### Your objective
Would you output all the lines below precisely as they stand, leaving each picture out?

### Source data
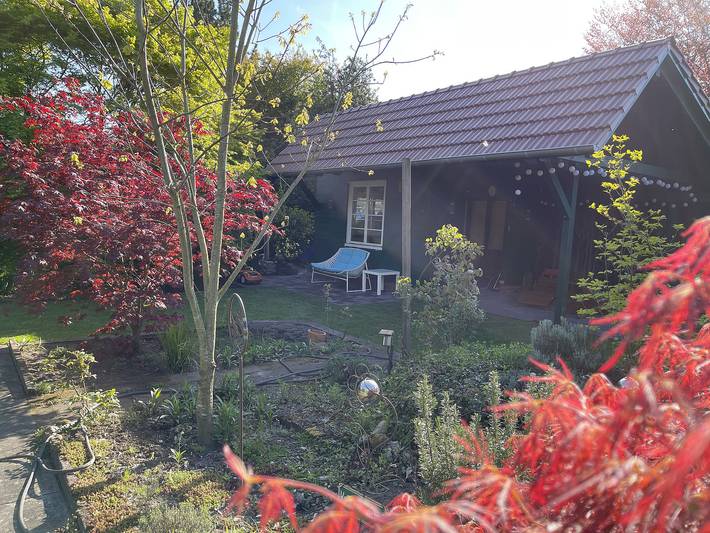 Ferienhaus für 3 Personen, mit Garten in Rheine - 4
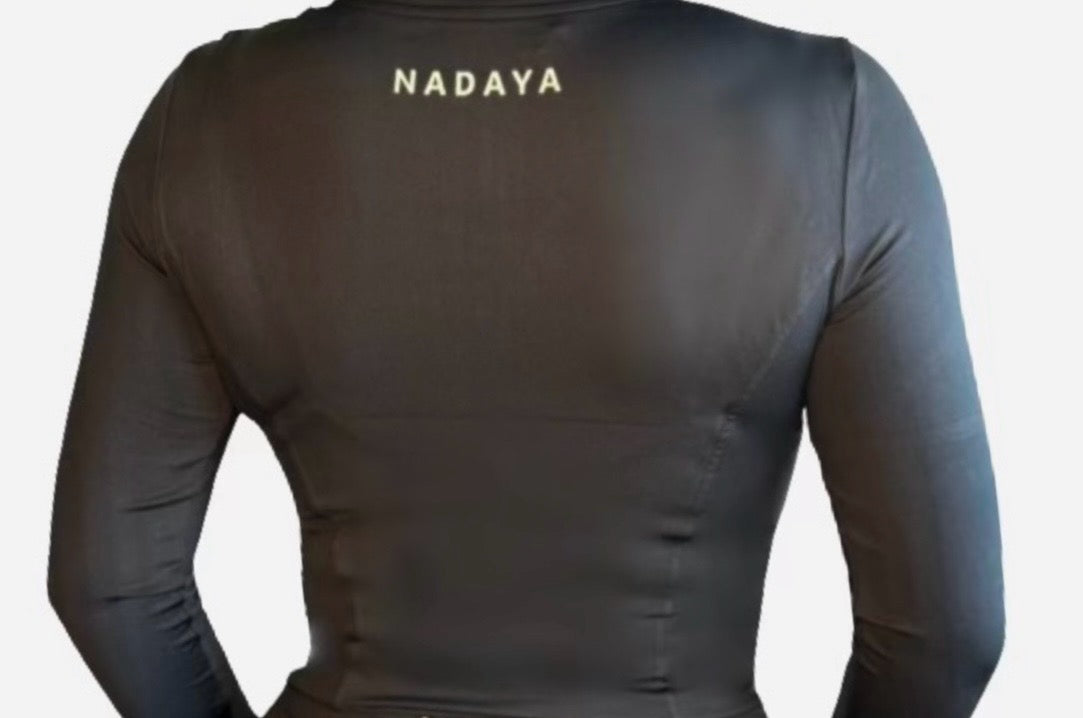 Figure 8 jacket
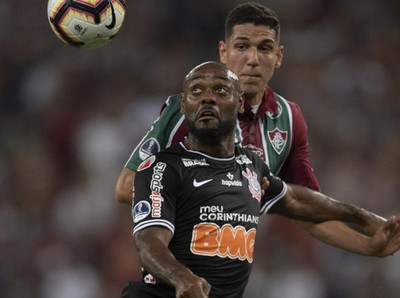 El gol de visitante le da el pase a Corinthians a semfinales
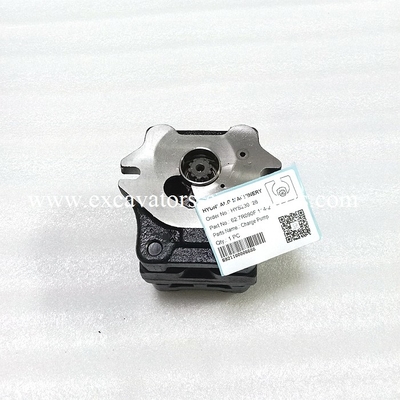 Charge Pump 62.7R090F 114-2 For Mini Excavator U20-3 Pump PVD-0B-21P-6G3-4694A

### Task solution
 Ferienhaus für 3 Personen, mit Garten in Rheine - 4
 Figure 8 jacket
 El gol de visitante le da el pase a Corinthians a semfinales
 Charge Pump 62.7R090F 114-2 For Mini Excavator U20-3 Pump PVD-0B-21P-6G3-4694A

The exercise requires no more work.